Agents must also adhere to the best practices and SOPs (standard operating procedures) of a SOC. Multimodal AI models help to provide ES with these SOPs, which then become the agents’ basic knowledge. Within the Essentials package, Splunk ES also makes it possible to expand detection libraries and personalize detections in Splunk Processing Language (SPL). As a Cisco hook, there is even an agentic option for automatically setting up a “war room” via Webex when a specific incident triggers.

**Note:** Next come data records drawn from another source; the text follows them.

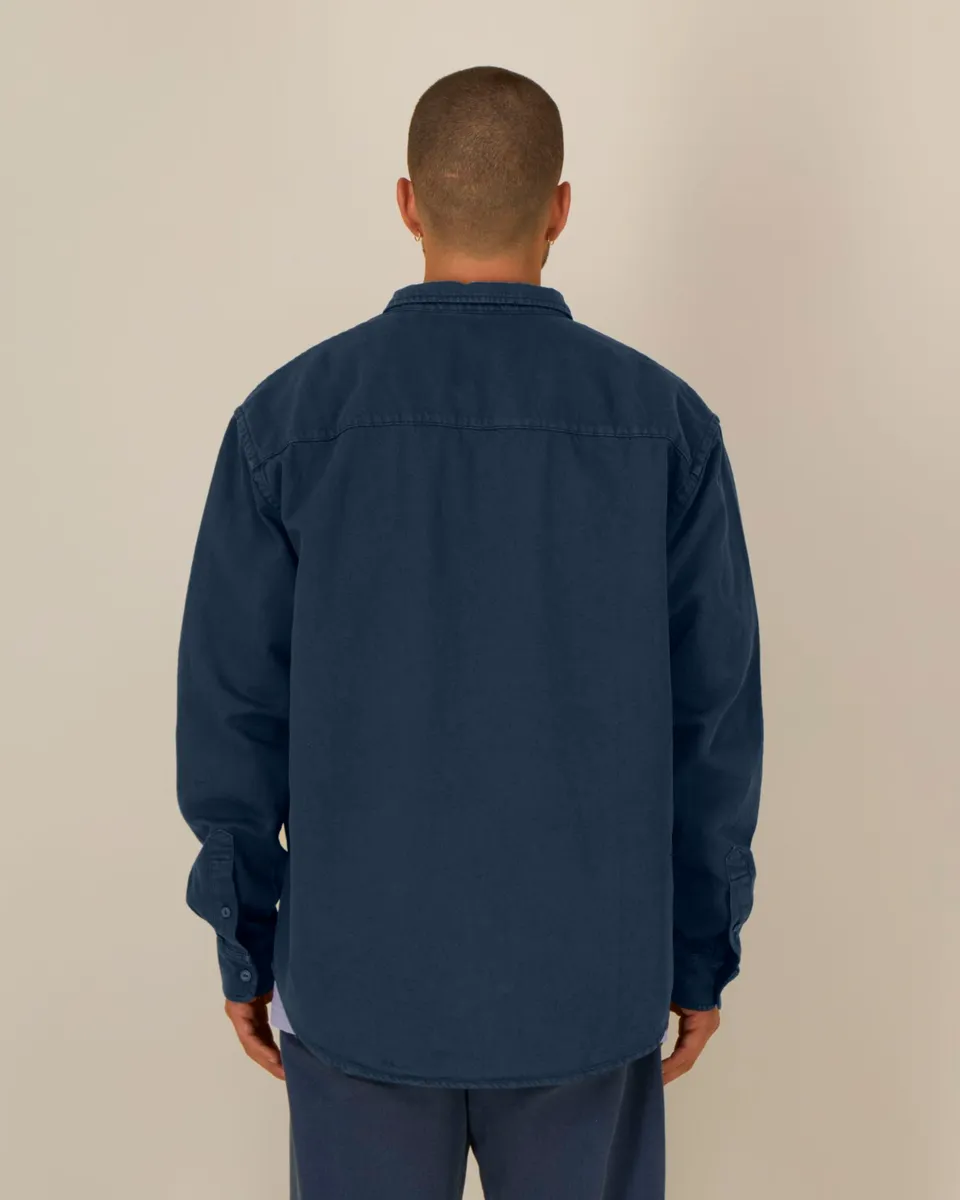 Worker 37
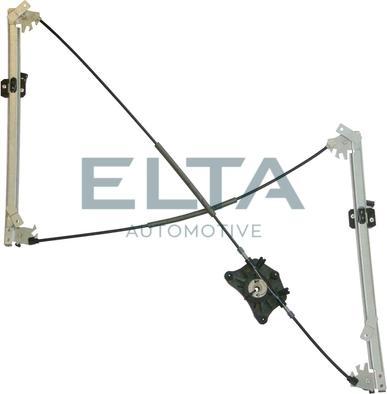 Elta Automotive ER4279 - Стеклоподъемник autodnr.net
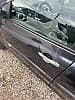 Renault Clio clio 3 1,4 16v Critaire 2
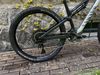Canyon Neuron CF8 vel L.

Those who opt for the larger Splunk Enterprise Security Premier get access to Splunk SOAR and UEBA (User and Entity Behavior Analytics) on top of the Essentials components. Once again, Splunk intends to offer a unified user experience.

Cisco’s SOC ideas

As part of Cisco, it makes sense that this year’s .conf25 announcements herald a deep integration between Splunk and its owner. We discussed yesterday’s Platform revelations that the low-hanging fruit has now been picked, with more meaningful alignment between Cisco and Splunk products from now on. The new capabilities are contextualized by Cisco’s ideas about the SOC of the future. In this context, security analysts within an “agentic SOC” should spend their time on strategic choices, while AI takes care of daily routine tasks. With that in mind, Splunk’s security announcements are intended to promote that philosophy.

Isovalent Runtime Security, for example, provides “immediate, granular visibility across all your workloads,” immediately flagging any leaks and irregularities. In addition, Cisco Security Analytics and Logging (SAL) ties into Splunk Cloud’s Federated Search for Amazon S3. Firewall logs from SAL no longer need to be ingested to be consulted from the Splunk Cloud Platform.

Conclusion: the data-driven SOC

The sum of the security offerings from Splunk on the one hand and Cisco on the other is enormous. It will therefore take some time before the two parties are truly one, if that is the intention at all. For now, the integration is about promoting the same values, with as little friction as possible as the main goal. That is why things like Cisco’s firewall must feel like native components within Splunk and the shipping of data back and forth must be prevented. Agents are the jack-of-all-trades that simplify ease of use and ultimately make the SOC of the future informed, but free from routine drudgery.